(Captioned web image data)
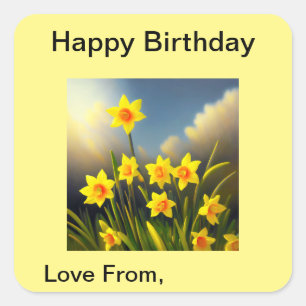 Golden Yellow Daffodil Temptations,  Square Sticker
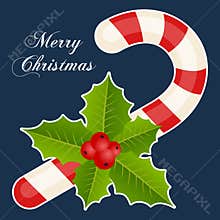 Candy Cane & Holly Berry Christmas Card
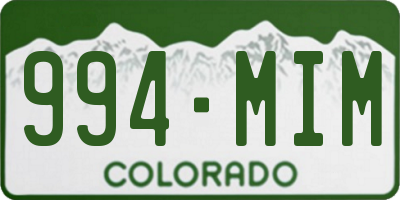 CO license plate 994MIM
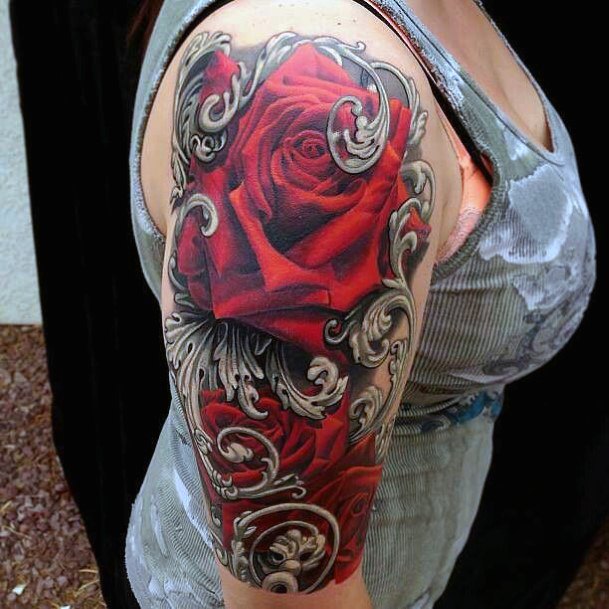 Red Roses Bright Tattoo Womens Half Sleeve Design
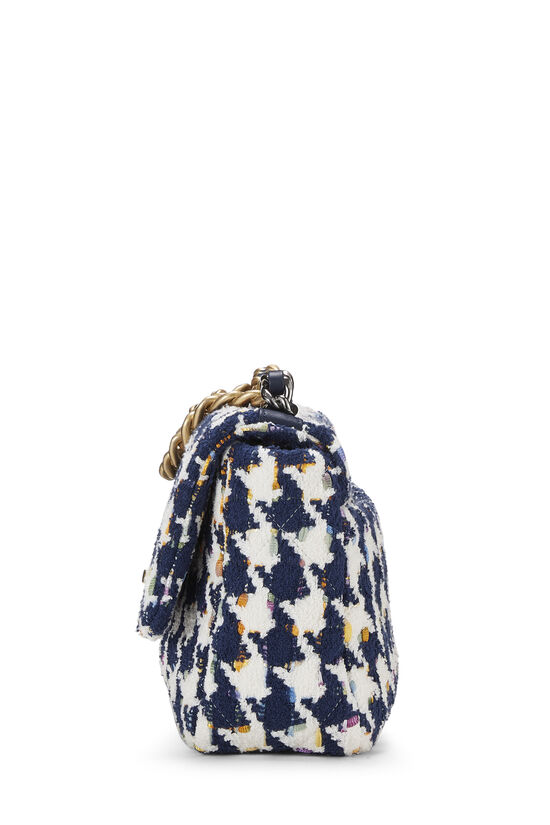 Blue & Multicolor Quilted Tweed 19 Flap Bag Medium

WORK ORDER:
Could you repeat exactly the lines from the one containing "Candy Cane & Holly Berry Christmas Card" through the last line of the records, both included, without the pictures?

EXERCISE ANSWER:
 Candy Cane & Holly Berry Christmas Card
 CO license plate 994MIM
 Red Roses Bright Tattoo Womens Half Sleeve Design
 Blue & Multicolor Quilted Tweed 19 Flap Bag Medium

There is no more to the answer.